_Task to complete_: Beginning with the line that contains "Villa El Retiro" and ending with the line that contains "何がなんでもキャンプだし す", reproduce the lines of the entries below exactly, omitting pictures.

_The data_:
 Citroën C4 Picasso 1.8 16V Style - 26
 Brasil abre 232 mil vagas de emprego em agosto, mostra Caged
---
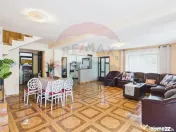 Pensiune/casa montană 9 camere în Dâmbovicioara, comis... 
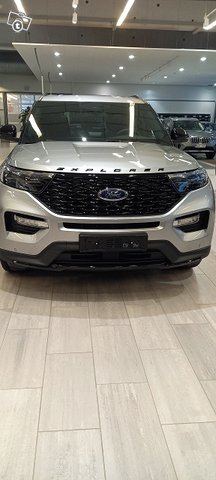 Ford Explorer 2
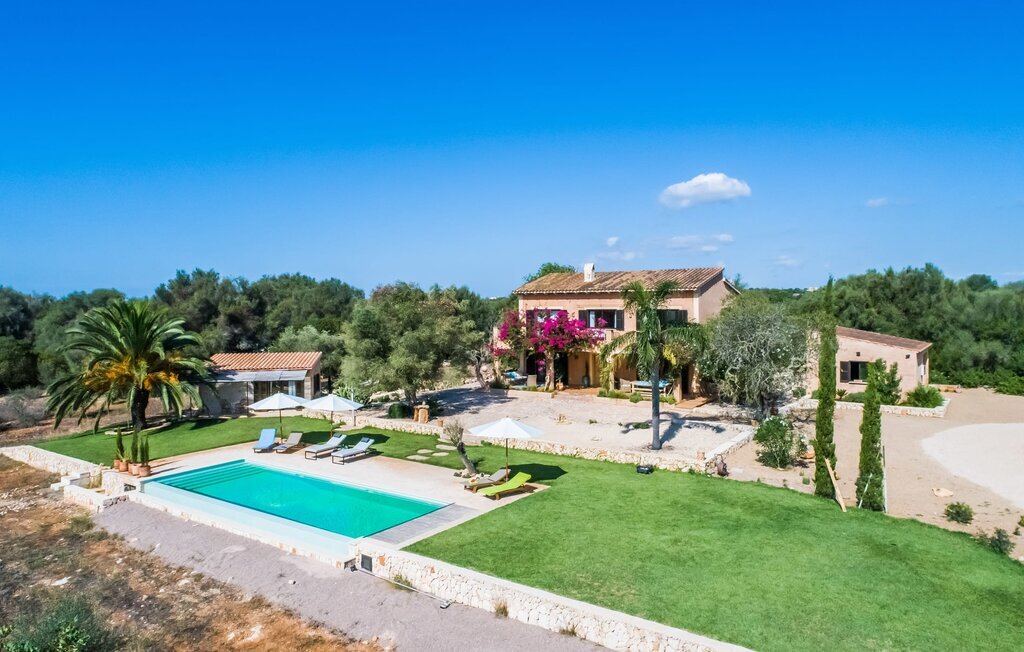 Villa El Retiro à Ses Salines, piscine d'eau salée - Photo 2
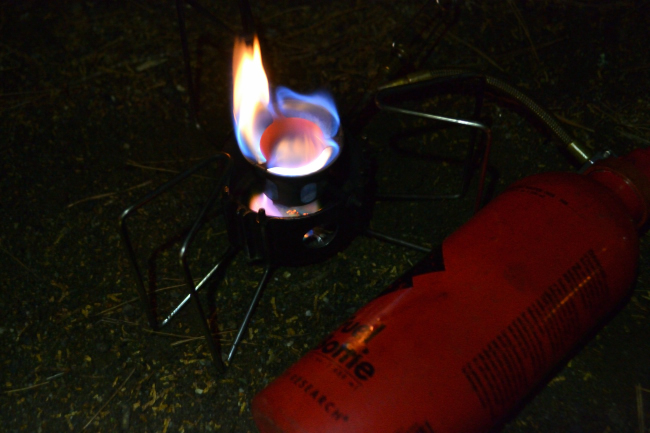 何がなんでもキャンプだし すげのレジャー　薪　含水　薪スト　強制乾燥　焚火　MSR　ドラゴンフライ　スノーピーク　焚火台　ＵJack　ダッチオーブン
==
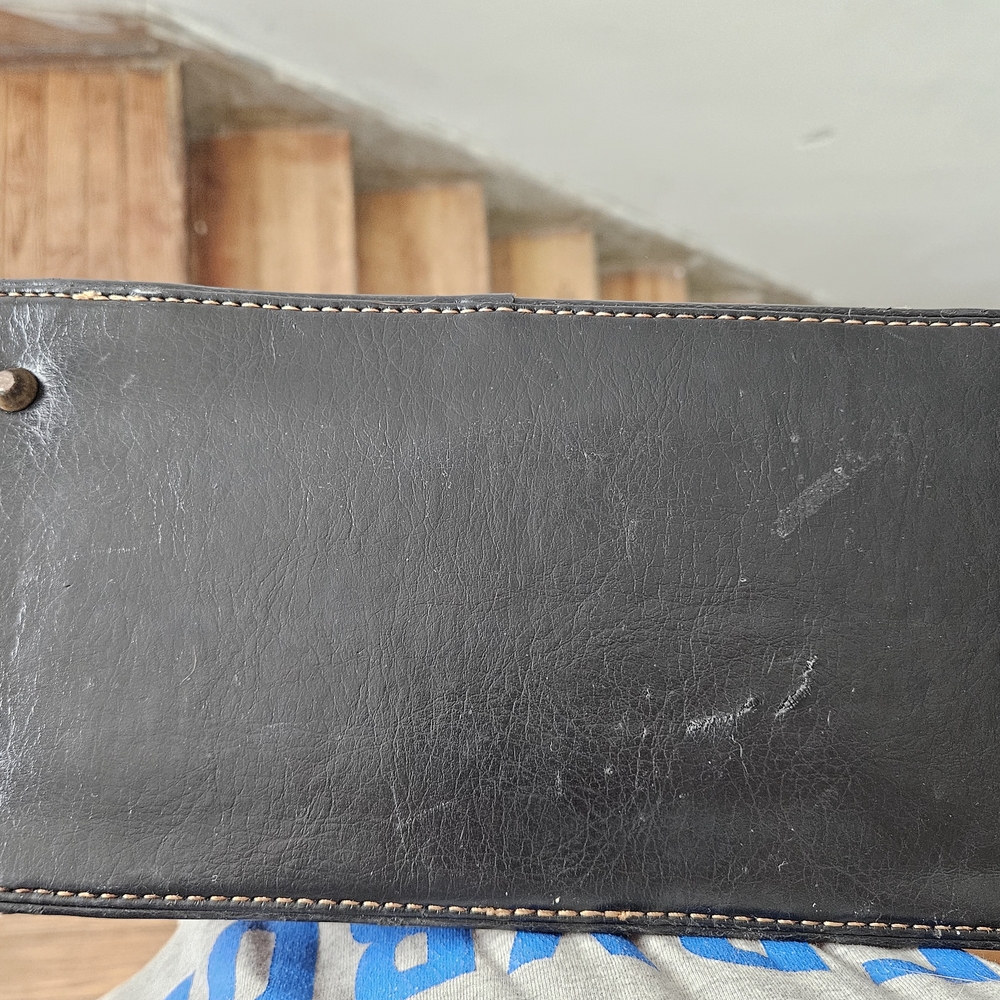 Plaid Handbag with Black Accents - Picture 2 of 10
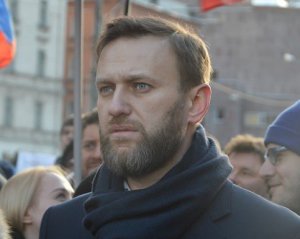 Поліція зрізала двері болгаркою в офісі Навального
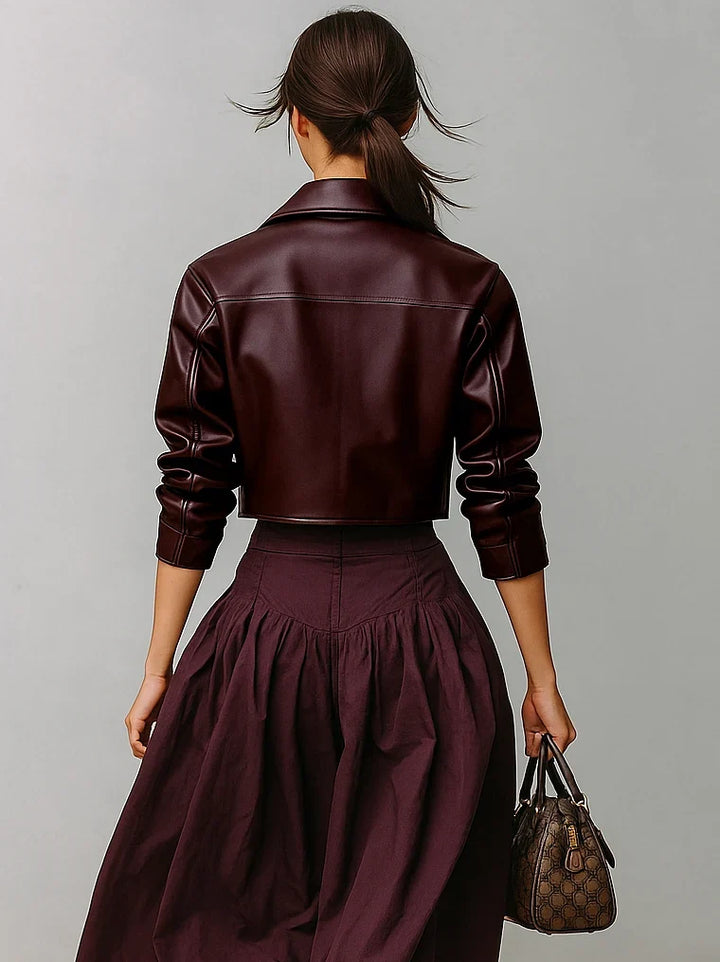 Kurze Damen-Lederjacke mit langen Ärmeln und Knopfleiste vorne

_Problem solution_:
 Villa El Retiro à Ses Salines, piscine d'eau salée - Photo 2
 何がなんでもキャンプだし すげのレジャー　薪　含水　薪スト　強制乾燥　焚火　MSR　ドラゴンフライ　スノーピーク　焚火台　ＵJack　ダッチオーブン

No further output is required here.